EXERCISE PROMPT
From the first line to the last, restate the material word for word; pictures stay out.

DATA BELOW
== == ==
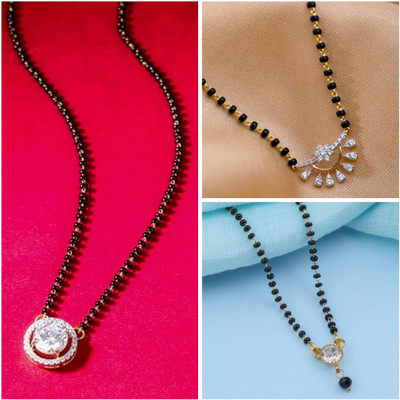 Shiv Shakti Supreme Stylish Combo Mangalsutra Set for Women | Pack of 3 Designer Mangalsutra Alloy Mangalsutra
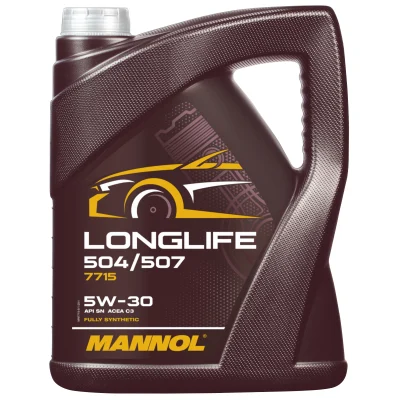 MANNOL Longlife 504/507 5W-30 Longlife Fully Synthetic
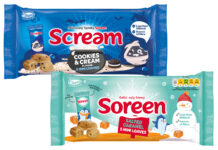 Pack shots of Soreen seasonal packs including the Halloween Cookies & Cream and Christmas Salted Caramel packs.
== == ==
RESPONSE TO THIS TASK
 Shiv Shakti Supreme Stylish Combo Mangalsutra Set for Women | Pack of 3 Designer Mangalsutra Alloy Mangalsutra
 MANNOL Longlife 504/507 5W-30 Longlife Fully Synthetic
 Pack shots of Soreen seasonal packs including the Halloween Cookies & Cream and Christmas Salted Caramel packs.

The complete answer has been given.